What you will do: Starting with the line below that holds "10 г шерстяного волокна для валяния Orange" and stopping after the line that holds "T-shirt basic col rond kaki", transcribe the lines exactly, leaving out all pictures.

Material shown:

+ + + +

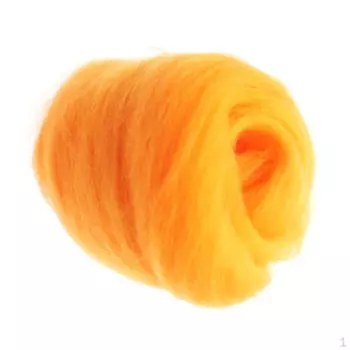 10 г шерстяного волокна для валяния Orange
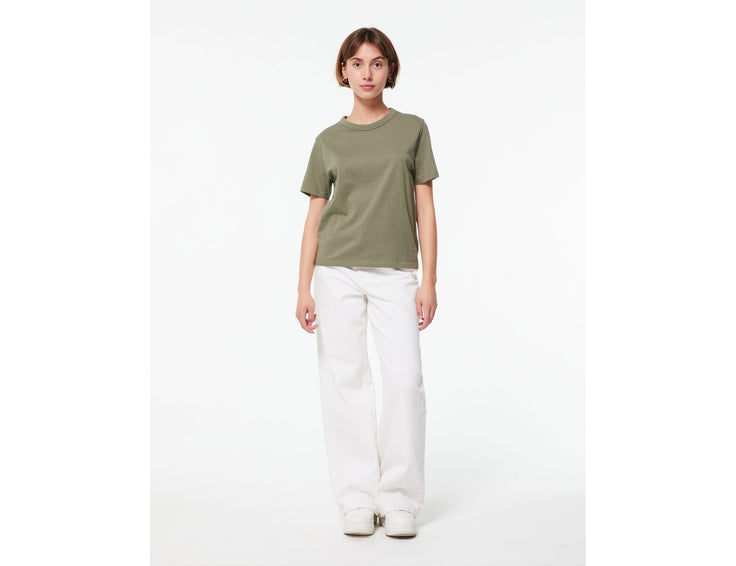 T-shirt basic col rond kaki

+ + + +

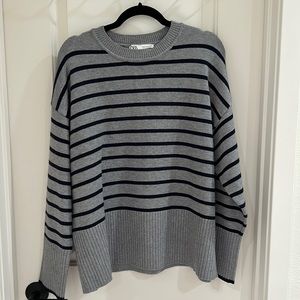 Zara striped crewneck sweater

+ + + +

Task output:
 10 г шерстяного волокна для валяния Orange
 T-shirt basic col rond kaki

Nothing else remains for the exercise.